Over time, the Russian analyst concedes, trade could grow to the point that all the ports on the Caspian would benefit; but he suggests that over the next decade, Iran and the Central Asian countries would most benefit from Iran’s investment, something that would cause at least some Central Asians to look more favorably in Tehran’s direction and thus weaken Moscow’s position in the region (APN, February 29).

Chablin, a specialist on the North Caucasus at the Moscow Center for Applied Research and Programs, is equally skeptical about the possibilities that Port Lagan and the Eurasia Canal will be built. Likewise, he expressed concern that, if the difficulties currently standing in the way of both the seaport and canal are somehow overcome, the economic and thus political order around the Caspian will be transformed (Ast-news.ru, February 6).  In that event, the Caspian will not be the Russian “lake” Moscow would like, and the other countries along its shores will have both new possibilities to reach the larger world and new reasons to look elsewhere than to Moscow for leadership.

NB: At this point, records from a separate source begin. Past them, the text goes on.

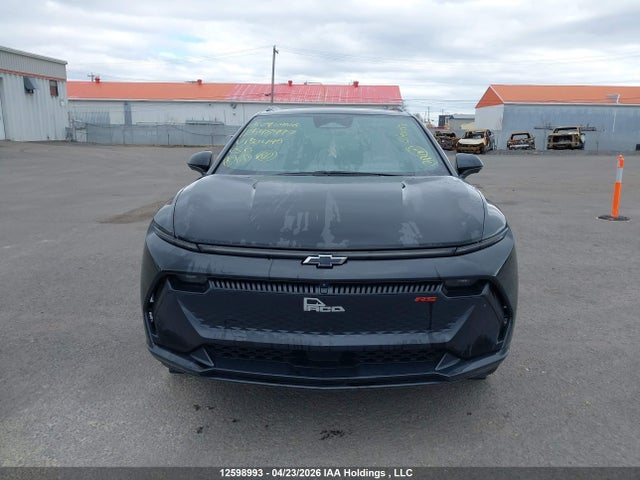 2025 Chevrolet Equinox Rs მანქანა იყიდება აუქციონზე, vin: 3GN7DSRR7SS150495, აუქციონის ნომერი: 12598993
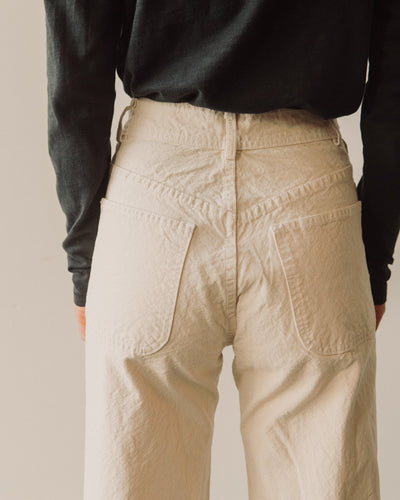 Jesse Kamm California Slim Pant, Natural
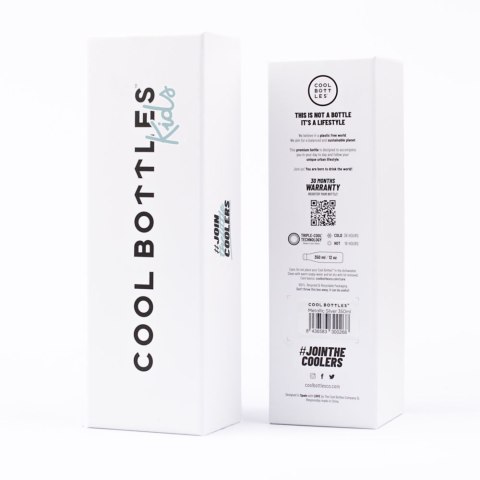 Cool Bottles Butelka termiczna Kids 350 ml Dragon Dreams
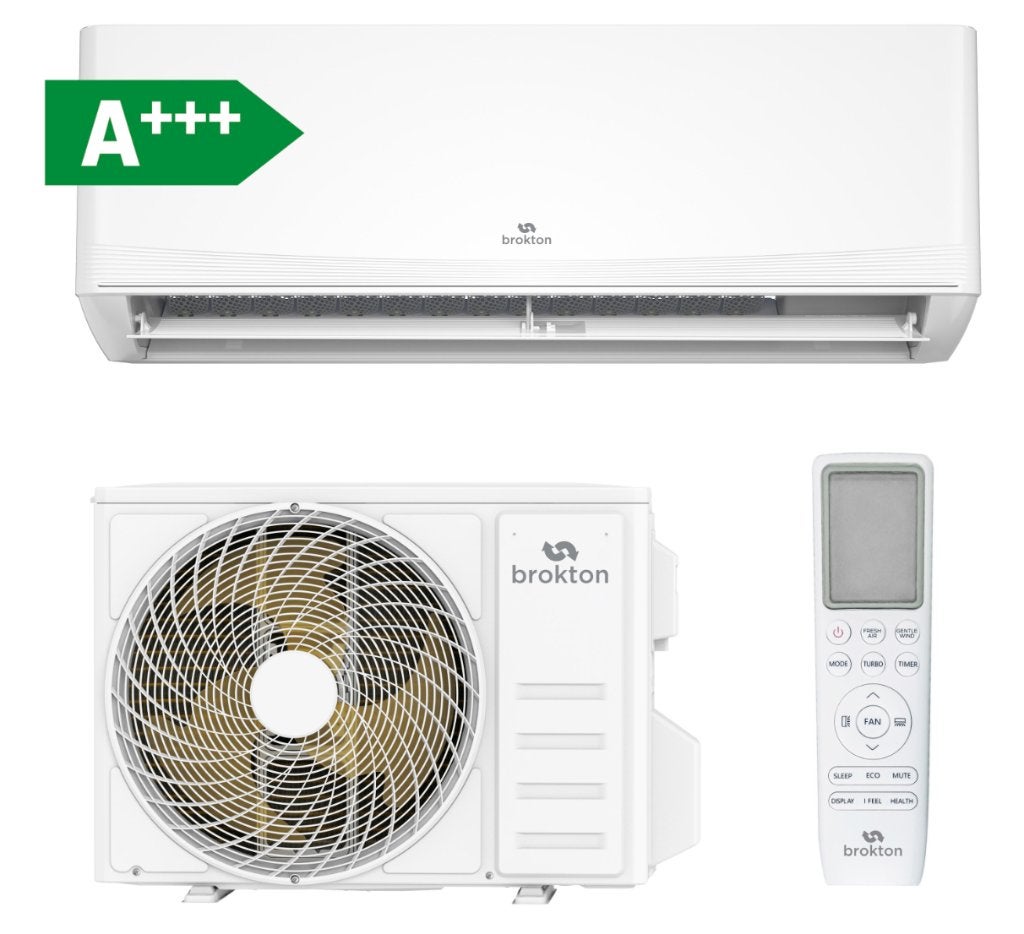 Split Airconditioneer 12000BTU nieuw, Ophalen, Koelen en Ontvochtigen, Minder dan 60 m³, Timer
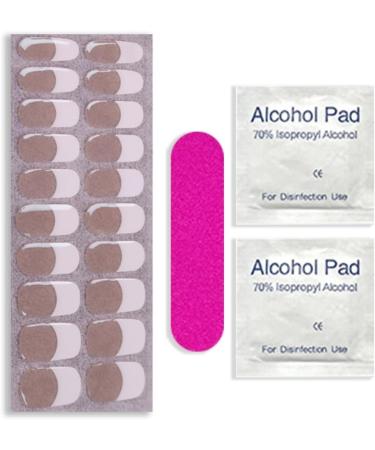 Ruarby Acrylic Press on Nails Almond Fake Nails Colorful Striped Glues on Nails False Nails Stick on Nails for Women Girls - Buy Online on GoSupps.com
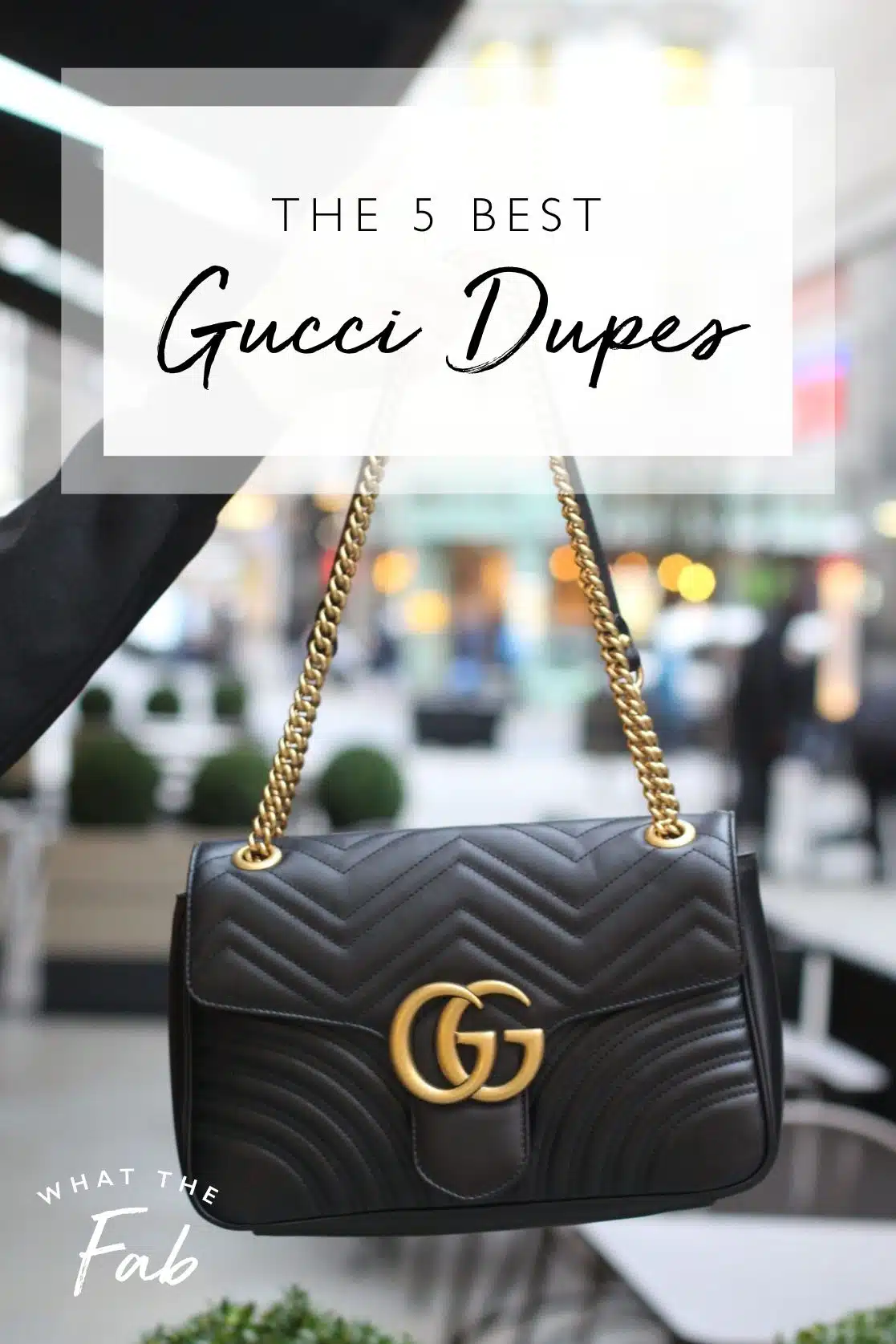 5 Gucci Dupes That Give the Iconic Look (Without the Price Tag)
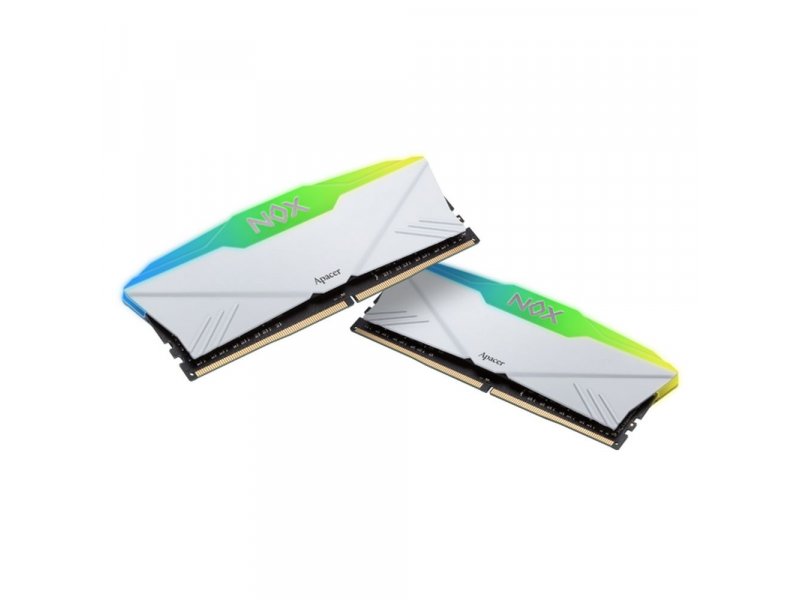 Оперативная память Apacer Nox AH4U32G36C25YNWAA-2, DDR4 2х 32ГБ 3600 МГц, DIMM, RTL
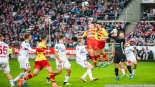 Górnik Zabrze - Jagiellonia Białystok, 2.03.2024, fot. Joanna Szubzda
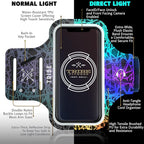 TRIBE Water Resistant Cell Phone Armband Case Running Holder - Image 3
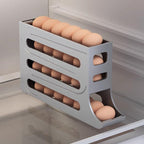 Scrolling Fridge Egg Rack Holder Organiser | StorageOZ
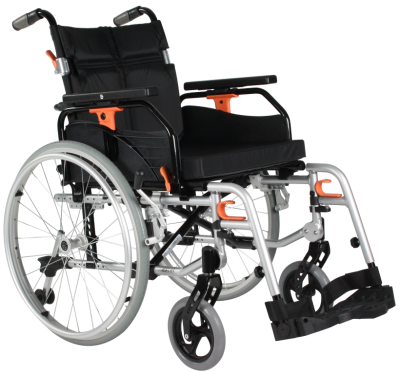 Excel G Modular 16'' Self Propelled Wheelchair Slim Seat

Given the stakes, it is extremely likely that the Russian government will do everything it can to discourage Iran from making this influential investment and to throw up its own roadblocks to make it more difficult for Tehran or anyone else to develop a port in Kalmykia and a new canal system from the Caspian to the Azov Sea. But even if Moscow succeeds, the Kalmyk gambit will have consequences: the Buddhist Kalmyks will have yet another reason to be angry at the Kremlin, and the other littoral states on the Caspian’s eastern shore will have seen what the future might have been had Moscow not put its interests far above theirs.